Thanks to all who sent Happy Birthday greetings yesterday! I got masses on facebook, and a few in my email inbox, and 2 on the phone. I had a throughly fun day with Hubby involving some very good food. IHOP for breakfast and grilled steaks, corn on the cob and mashed potatoes (from the garden) for dinner. Yum.
As its summer, my reading is rather wide spread. I’m not feeling the need to veg in the evenings after working hard all day, so I’m reading more. Several months ago, I realized I’d stopped reading fiction (except WoT) by in large, and really only read non-fiction. Currently, I have several books/articles/blogs that I’m working on.
Silent Spring, by Rachel Carson
I’m interested in ecology. No, that’s wrong. I love and adore all things ecology. This is, I do believe, considered the classical of ecological writings, and the previous Bio I teacher used it to teach ecology, so I decided I would, too. I’m only a few pages into the first chapter; I’m having a hard time getting into it and getting past the current emotional appeal. :::must persevere::: The AP Bio kids are reading it over the summer, so I got a hold of their assignment to help me think through it as I read. A good summary will help me as I prepare to teach from this book.
Wisdom and Eloquence: A Christian paradigm for classical learning, by Robert Littlejohn and Charles T. Evans
This is actually assigned reading from the school for the summer (1 of 2). I’m through 3 chapters at this point, and quite enjoying it. It prompted me to think about “what makes a society civilized?” and “What did Plato really say about educating children?”. I paused in reading for a few days while considering the civilized society question, and it took about a week to peruse Plato’s writings on education. I’m back to the book itself now. I think they leave the topic of worldview less dealt with than needed, but then I also took a two week intensive class on worldview on summer. My expectations may be too high. I think that “classical” education is a good way to go about educating people, but I want to really ponder the ideas presented. I hope to offer some good reflections at some point.

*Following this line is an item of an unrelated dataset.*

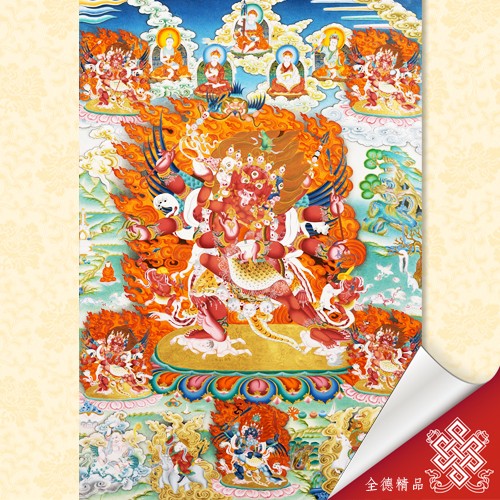 八大黑嚕嘎,馬頭明王,唐卡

The Attributes of God, by A.W. Tozer
I’m reading this for a summer Bible study that I’ve not actually made it to yet. I’ve enjoyed reading Tozer’s writings, to some extent. I’ve only read 2 chapters, so it is inappropriate to cast judgement yet; the picture I have is very sketchy. When I have a more complete picture, I plan to write a summary of my thoughts (actually, I hope to do this for every book I read).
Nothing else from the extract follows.